Task statement :: Quote the line containing "Imagen de una mujer viendo su tablet" and all lines that follow it in the listing below, exactly as written.

Exercise inputs ::

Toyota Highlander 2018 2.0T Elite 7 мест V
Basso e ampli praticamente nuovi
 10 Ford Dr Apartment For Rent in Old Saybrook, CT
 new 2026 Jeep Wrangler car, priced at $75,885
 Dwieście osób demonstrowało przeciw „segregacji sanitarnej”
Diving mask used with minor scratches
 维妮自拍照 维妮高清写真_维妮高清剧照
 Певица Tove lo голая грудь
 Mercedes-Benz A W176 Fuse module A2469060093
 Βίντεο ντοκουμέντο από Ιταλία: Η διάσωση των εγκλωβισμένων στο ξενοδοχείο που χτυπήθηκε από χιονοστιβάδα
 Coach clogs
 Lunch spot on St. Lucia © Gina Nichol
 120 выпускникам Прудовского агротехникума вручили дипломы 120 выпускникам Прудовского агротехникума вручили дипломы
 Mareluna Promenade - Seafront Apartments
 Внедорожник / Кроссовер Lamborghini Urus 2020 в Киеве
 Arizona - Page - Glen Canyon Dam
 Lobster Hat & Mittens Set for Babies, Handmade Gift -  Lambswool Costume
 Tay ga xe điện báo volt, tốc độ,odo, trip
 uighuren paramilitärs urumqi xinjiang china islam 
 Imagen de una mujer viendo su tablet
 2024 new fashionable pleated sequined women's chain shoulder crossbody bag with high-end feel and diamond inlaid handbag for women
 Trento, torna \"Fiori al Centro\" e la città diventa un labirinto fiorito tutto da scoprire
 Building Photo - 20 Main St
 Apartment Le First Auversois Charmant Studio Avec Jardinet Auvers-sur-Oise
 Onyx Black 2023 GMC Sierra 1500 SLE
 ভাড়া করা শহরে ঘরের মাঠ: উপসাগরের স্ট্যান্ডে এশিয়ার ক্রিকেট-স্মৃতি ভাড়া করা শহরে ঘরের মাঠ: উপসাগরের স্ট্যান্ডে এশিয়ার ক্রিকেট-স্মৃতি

Solution below ::
 Imagen de una mujer viendo su tablet
 2024 new fashionable pleated sequined women's chain shoulder crossbody bag with high-end feel and diamond inlaid handbag for women
 Trento, torna \"Fiori al Centro\" e la città diventa un labirinto fiorito tutto da scoprire
 Building Photo - 20 Main St
 Apartment Le First Auversois Charmant Studio Avec Jardinet Auvers-sur-Oise
 Onyx Black 2023 GMC Sierra 1500 SLE
 ভাড়া করা শহরে ঘরের মাঠ: উপসাগরের স্ট্যান্ডে এশিয়ার ক্রিকেট-স্মৃতি ভাড়া করা শহরে ঘরের মাঠ: উপসাগরের স্ট্যান্ডে এশিয়ার ক্রিকেট-স্মৃতি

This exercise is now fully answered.